McLaren #2 – 2012 LHD 12C Coupe: The only issue I ever had with the 12C Coupe was a faulty left front tire sensor.  I had to take the car in twice before it was finally rectified.  For most of my ownership, this 12C lived in Germany and spent many high-speed hours on the autobahn.

McLaren #3 – 2014 LHD 12C Spider: The only issue we ever had with our final 12C Spider was a temperature sensor that needed replacing.  The car was out of service for a day.
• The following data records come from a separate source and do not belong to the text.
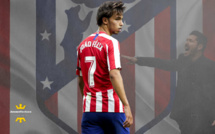 Atlético Madrid : João Felix veut "écrire l'histoire" comme Antoine Griezmann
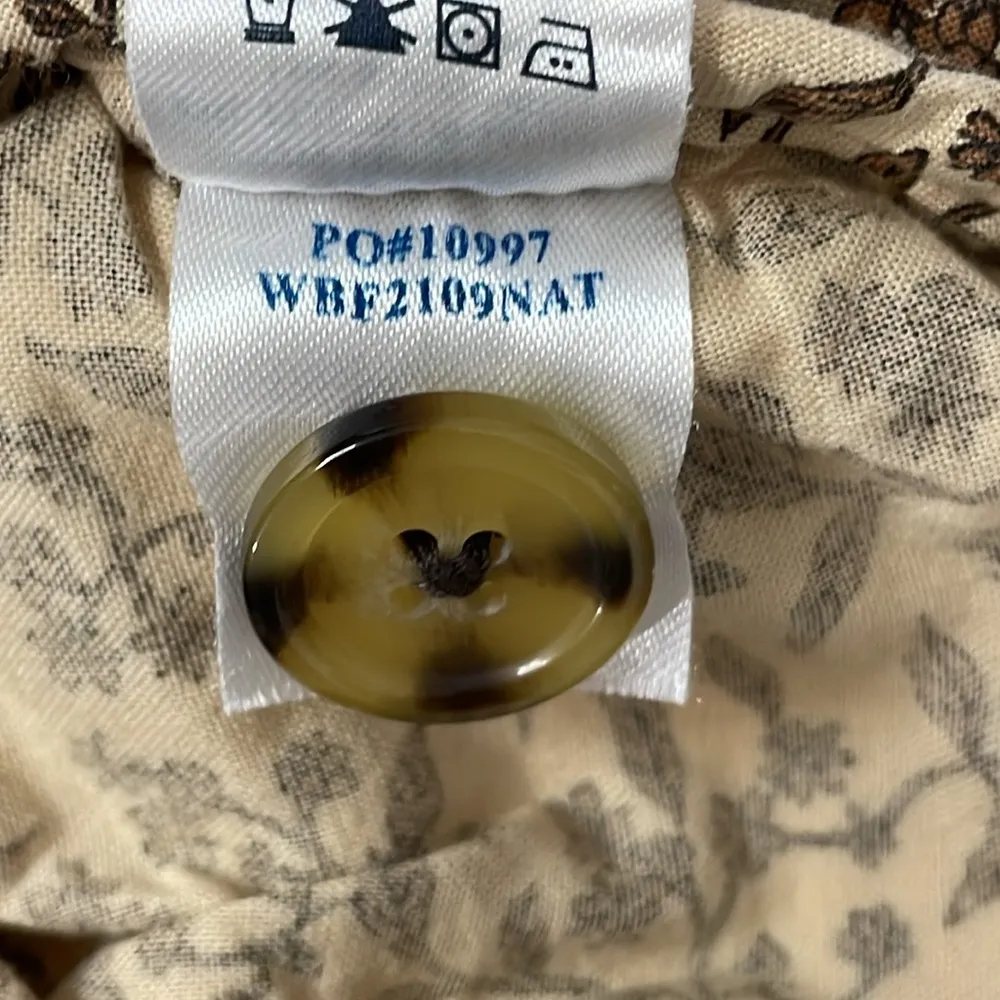 Faherty  Natural White Endless Pant - Image 6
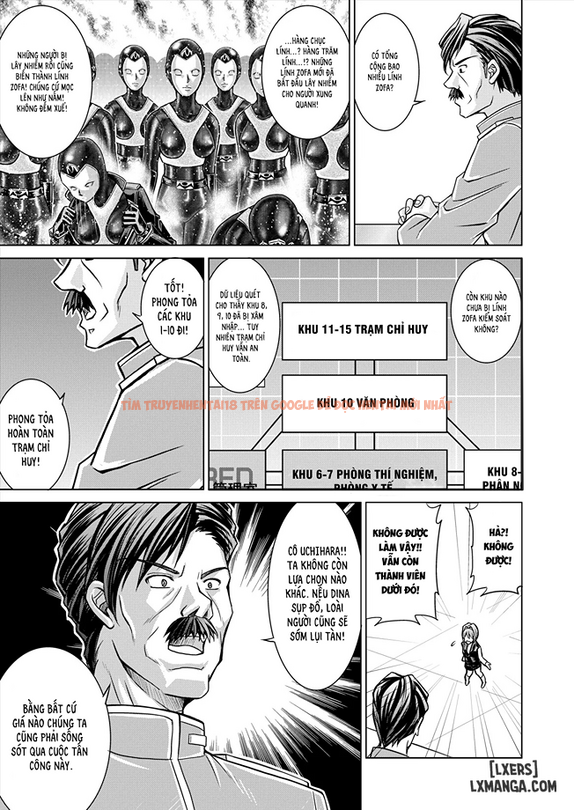 Xem ảnh 18 trong truyện hentai Dina Ranger - Vol 12 15 - hentaitvn.net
Other than that, it only saw the dealership for its annual checkup.  This 12C Spider was my daily driver for a bit over a year.

McLaren #4 – 2015 P1: We had two issues with the P1, a loose rear side turn signal light and the IRIS Infotainment System failed and needed to be replaced.  Other than that, it was just routine annual service.

McLaren #5 – 2015 650S Spider: This car has been my daily driver for the last 3 ½ years.  No issues and only time it has been back to the dealership is for its yearly service.

McLaren #6 – 2016 675LT Spider: This car has done a few 1,500 miles road trips and been driven hard up in the mountains.  Never had a single issue and it only has seen the inside of the workshop for its annual services.

McLaren #7 – 2018 720S: Never had a single problem and it just had its first completely routine annual service.

In summary, we did have a few minor issues with the early McLarens.  None of these I would consider even remotely concerning, serious, or out of the ordinary.  The later McLarens have all been poster children for reliability.  I also have never had to add a single drop of oil or coolant to any of the McLarens that we have owned.  When I compare this list to a similar one for other manufacturers, McLaren’s build quality and reliability has certainly been best in class in my experience.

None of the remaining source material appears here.